老舗温泉街でグランピングを
自由と自然を提供する上質なアウトドアホテルの実現
- GKS.com/ザ ベース グランピング湯河原 支配人
奥原 英亮さん - 神奈川県生まれ。学生時代の海外留学時の体験によりホテル、サービスの世界にのめり込む。小さなゲストハウスから外資系メガホテルまでさまざまな宿泊施設の立ち上げ、運営を経験し今に至る。現在は、支配人としてグランピング場の運営、地域再生へのチャレンジにまい進中。
老舗温泉街で新たな試みを
神奈川県南西部に位置する湯河原は、関東の奥座敷と謳(うた)われてきた歴史ある温泉場。雄大な相模湾を臨み、箱根の山々を背後に控えた自然豊かな地形にある。

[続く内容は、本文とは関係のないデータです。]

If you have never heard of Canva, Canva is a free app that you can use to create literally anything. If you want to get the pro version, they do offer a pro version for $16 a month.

駅から奥湯河原へと続く道筋には、旅館や商店が立ち並び、古き良き温泉街の風情も残っている。
この街のちょうど中腹にあたる高台に、わが社(株式会社GKS.com)が自家源泉つきの土地を入手したのは今から3年ほど前のこと。とはいえ、わが社は、建設会社が母体。これまで温泉との関わりがあったわけではなく、たまたま縁あって手にはしたものの、荒れてしまった山間の土地をどう生かすべきか答えを出せずにいた。高級ホテルや旅館を作ったとして、競合ひしめくこの湯河原ではとても勝てる気がせず、何か新しい手を打ちたかった。
自由を提供する上質なアウトドアホテル
折しもコロナ禍により、旅行スタイルは非接触が主流となり、密を避けるべくキャンプブームが到来していた。キャンプの魅力は自然との一体感もさることながら、何よりその自由度の高さにある。食事時間の制約など、旅館やホテルにつきものの、施設サイドのオペレーションに縛られることなく、青空のもと火を焚(く)べ、気ままに過ごせるのが醍醐味(だいごみ)だ。

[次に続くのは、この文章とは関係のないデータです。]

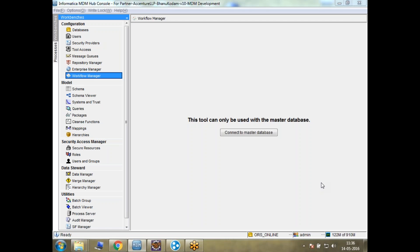Hi everyone, this is Sunil here. Hope you're all doing great. In this session we're going to talk about user exits. This is the first video in the series about user exits, and in this first session we're going to talk about the theoretical part.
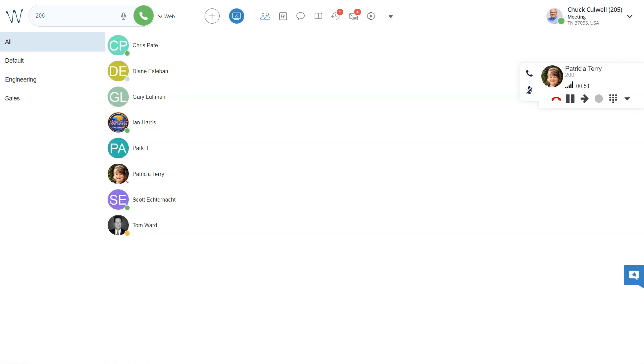Hey, thanks for joining another HisCall how-to video. Today, we're going to look at some options for creating a conference call.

こうしたキャンプの自由さと、ホテルの快適性を兼ね備えた「グランピング」であれば、湯河原初となり面白いかもしれない。幸い自然環境には恵まれていたので、竹林と雑木林は手入れさえすれば、豊かな景観を生むと思えた。各サイトは離れのように独立型とし、完全なプライベート空間を守る。焚(た)き火のできる開放感あるウッドデッキを中心に据え、それでいて快適に寛げる寝室も不可欠だ。何より、大人が寛げる空間にしたかったので、寝具や備品は上質な物にこだわり、いわば「アウトドアホテル」ともいうべき空間を目指した。
名湯、源泉掛け流しにこだわる
自家源泉を調べてみると、思いがけず稀少な泉質に恵まれていた。湧出量も潤沢で泉温も高かったため、加温や消毒の必要なく「100%源泉掛け流し」に対応できるものだと分かった。

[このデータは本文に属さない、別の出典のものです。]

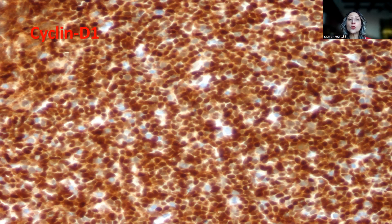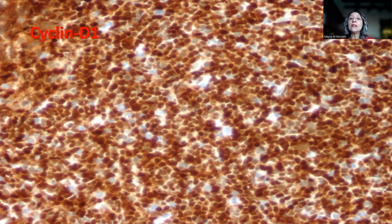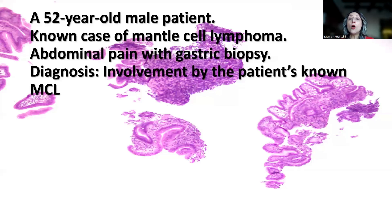I worked up the case with these three immunohistochemical markers because the case is already a known case of mantle cell lymphoma. Otherwise, I would have worked it up with more details if the patient is not a known case of lymphoma. The final diagnosis in this case was involvement by the patient's known mantle cell lymphoma.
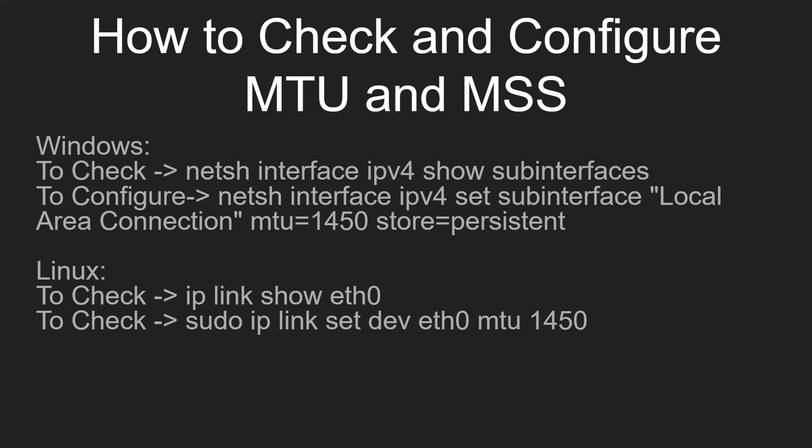Now let's discuss how we can check and configure MTU and MSS. In Windows, there is a command netsh interface ipv4 show subinterfaces to check the MTU. To configure, use netsh interface ipv4 set subinterface, mention the interface name, MTU value, and store=persistent. We will check it in our Windows system.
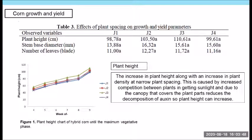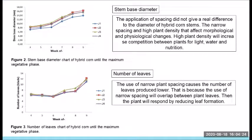The height of hybrid corn plants in each treatment increased every week. Corn plant height ranged from 98.78 to 110.61 cm. The increase in plant height along with an increase in plant density at narrow plant spacing is caused by increasing competition between plants for sunlight, and because the canopy covers the plant, reducing auxin decomposition so plant height can increase. Stem base diameter continues to grow from the beginning until the last measurement. The stem base diameter ranged from 13.8 to 16.32 mm. The application of spacing did not give a significant difference to the diameter of hybrid corn stem.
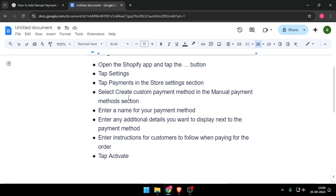After that you have to select Create custom payment method in the Manual payment methods section and then enter a name for your payment method.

温泉も食べ物と同じように鮮度というものがあり、なるべく手を加えず、フレッシュな湯こそが、活性酸素を取り除き、ひいては心地良さをもたらす。混じりっ気なしの湯河原の名湯を、ぜひ宿泊客に体感してもらいたい。かくして、源泉掛け流し露天風呂が最大の魅力となる、グランピング施設の構想が具体的に出来上がっていった。
地元と手を取り合うことで、利益を地域に還元する
施設建設にあたり、東京に本社を置くわが社としては、既存の協力会社と立ち上げることも可能だったが、あえて地元の工務店と組むことに決めた。メンテナンスの利便性も考慮してのことだが、歴史ある街で新参者に対する警戒心を払拭(ふっしょく)したかったし、またグランピングという新しいスタイルを持ち込むことへの抵抗を少しでも緩和したかったからだ。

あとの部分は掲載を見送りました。